Dans la commune de Saint-Benoît-du-Sault, au pied du coteau que couronnent les tourelles du château de Montgarnaud, se trouve une profonde ravine dont le lit et les bords sont encombrés de roches immenses aux formes tourmentées et fantastiques et entre lesquelles bondissent les bruyantes cascades du Portefeuille. On assure qu’en ce lieu pittoresque il existe toute une peuplade de fées et que leurs voix, étrangement accentuées, se mêlent, pendant les nuits d’orage, aux voix mugissantes du torrent. Leur principale demeure, que l’on appelle l’Aire aux Martes, est un vrai palais de cristal, puisqu’elle est située sous les brillants arceaux de la cascade.
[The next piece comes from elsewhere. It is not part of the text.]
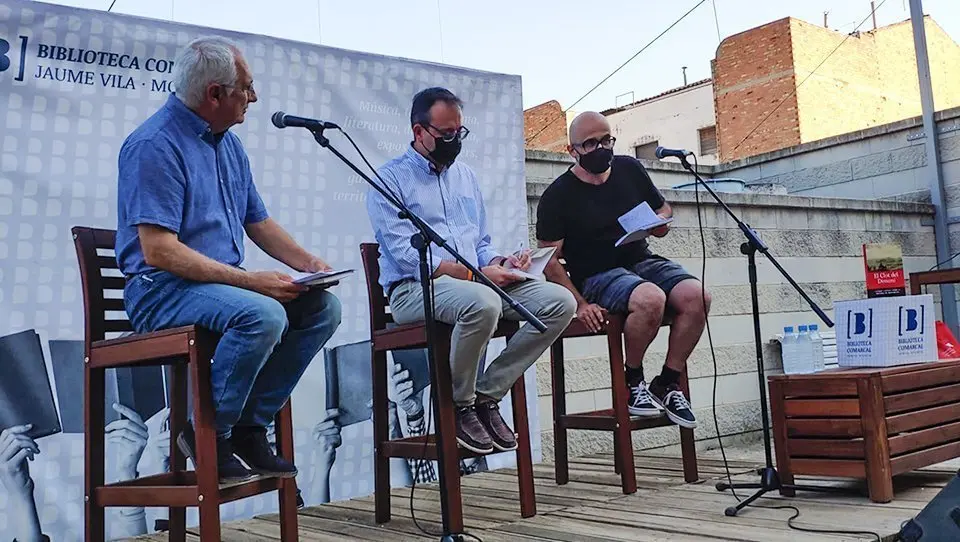 Presentació del llibre El Clot del Dimoni de Daniel Altisent @BibliotecaMollerussa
Les Martes de Montgarnaud ont une tenue et des habitudes tout à fait excentriques. Au dire des gens de l’endroit, ce sont, en général, de grandes femmes maigres, tannées et débraillées comme des bohèmes. Leurs longs cheveux, noirs et roides, tombent d’un seul jet jusque sur leurs talons ; leurs mamelles, presque aussi longues, leur battent les genoux. C’est en cet état, et perchées sur quelque monticule, sur la table d’un dolmen ou sur la crête d’un peulvan, qu’elles apparaissent parfois au laboureur qui travaille dans la plaine, au berger qui paît ses brebis au penchant des coteaux. Si ces braves gens ne répondent point aux appels effrontés qu’elles leur adressent, elles rejettent aussitôt leurs mamelles par-dessus leurs épaules, et, s’élançant à leur poursuite, les forcent d’abandonner et charrue et troupeau.
Laisnel de la Salle, Souvenirs du vieux temps, Le Berry, croyances et coutumes, 1900-1902.